Crude Awakening: The Last Straw

We all know plastic is an environmental nightmare. And earlier this year, what was supposed to be the world's most historic treaty to rein it in, ended in total collapse. Read on for hidden clues as to why the odds were stacked against it from the get go, and what the failed treaty can teach us about creating global change.

Written by Lyle Jarvis

Photo: Patrick Hendry on Unsplash

Do you enjoy our weekly newsletter? Please forward to a friend!  If you don’t already subscribe you can do so here 👉 subscribe here!

Plastic: Not Just Floating in the Ocean 🏭️ 

When most of us think about the environmental detriment of plastic, we picture ocean birds choked with bags, whales with bellies full of debris, or the garbage patch that’s twice the size of Texas. And yes, with a decomposition timeline in the hundreds of years, plastic is terrible wherever it is. What’s worse, around 460 million metric tons are made each year, and without stronger policies in place to protect us, that number could soar as much as 70% by 2040.

Devastating as that may be, the worst thing about plastic might not be where it ends up, but where it begins.

Stripped down to its core, plastic is basically fossil fuel in another form. Producing it is enormously carbon-intensive, driving huge amounts of emissions at every stage (extraction, refining, manufacturing).

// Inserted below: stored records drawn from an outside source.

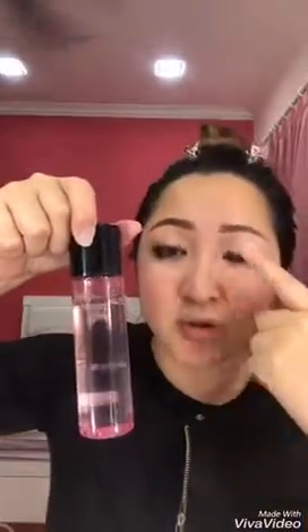This one is not only for the eyes — you can also remove your lipstick. Especially when you use red lipstick, it's hard to remove. So you don't use your brush to remove it, you use this.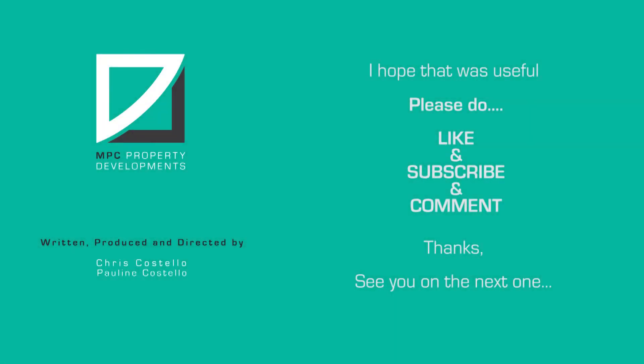I hope that was useful. I'll see you on the next one. Bye-bye. Please don't forget to like, subscribe and comment.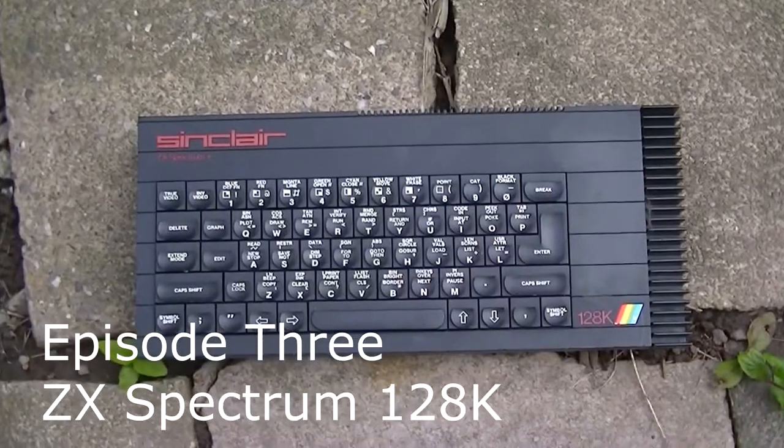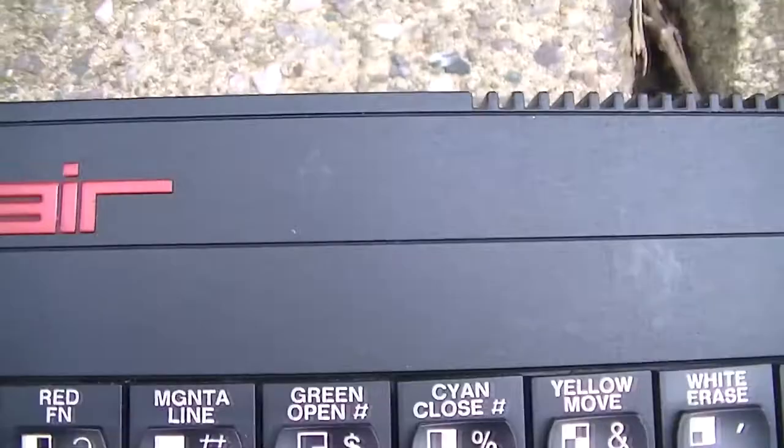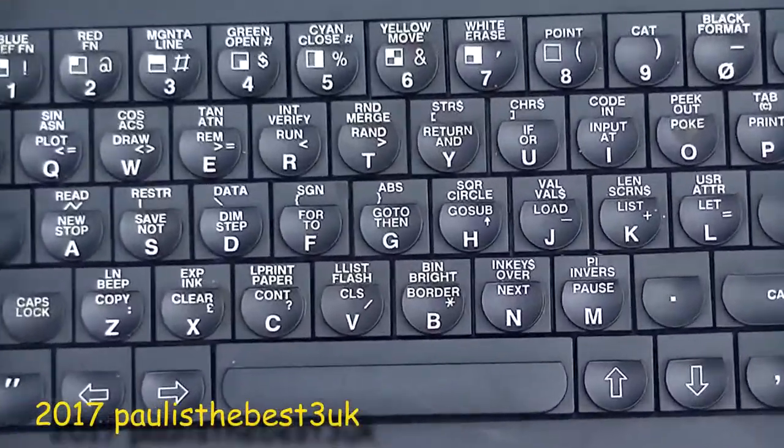Hello YouTubers, this is PaulIsTheBest3UK and welcome to episode 3 of the Sinclair Spectrum Shorts. This is a very special episode as we are looking at the Sinclair Spectrum 128K.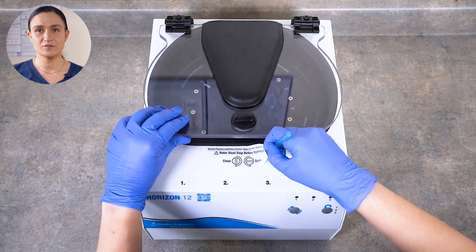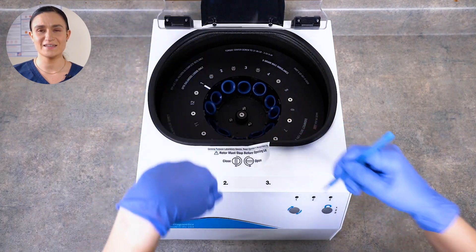Now you can turn the lid latch a quarter turn counterclockwise and access the rotor chamber. Using the emergency unlock may damage your open/close sticker. If you need a new one, or if you have any questions about your Horizon 12 safety lid system, you can always contact Drucker Diagnostics and we'll be happy to help. Thanks for watching and have a great day.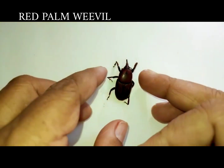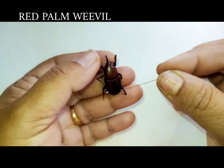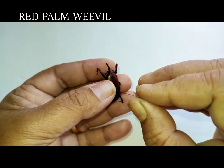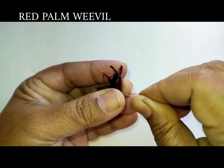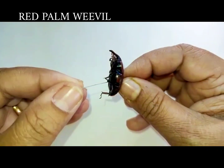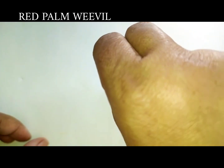This insect is called the red palm weevil. Weevils have a snout and belong to the order Coleoptera. They have a very hard exoskeleton called the elytra. Weevils, which belong to the same order as beetles, are pinned in their right elytra.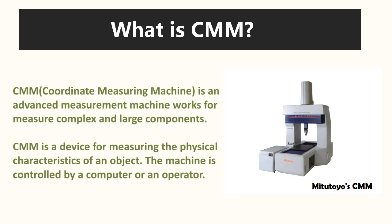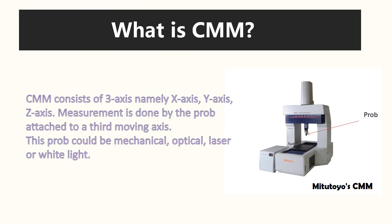What is CMM? On the right side, you can see the equipment — CMM by Mitutoyo. A coordinate measuring machine is an advanced measurement machine that works to measure complex and large components. CMM is a device for measuring the physical characteristics of an object. The machine is controlled by a computer or an operator. CMM consists of three axes: the X-axis, Y-axis, and Z-axis. Measurement is done by the probe attached to the third moving axis. Here you can see the probe attachment.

And perhaps unsurprisingly, the plastic industry’s carbon footprint has doubled in the past few decades.

In recent years. as demand for oil in transportation slowly declines, the fossil fuel industry has fallen back on its trusty safety net: push more plastic into our lives (and mouths). The plastic crisis isn’t just an environmental nuisance. It’s a climate problem, a big oil problem, and by design, a cripplingly hard addiction to break. 

The Treaty (or Lack Thereof) 📖

Earlier this year, global leaders gathered to negotiate what was supposed to be a historic treaty to rein in plastic production and pollution. Instead? The talks have officially collapsed.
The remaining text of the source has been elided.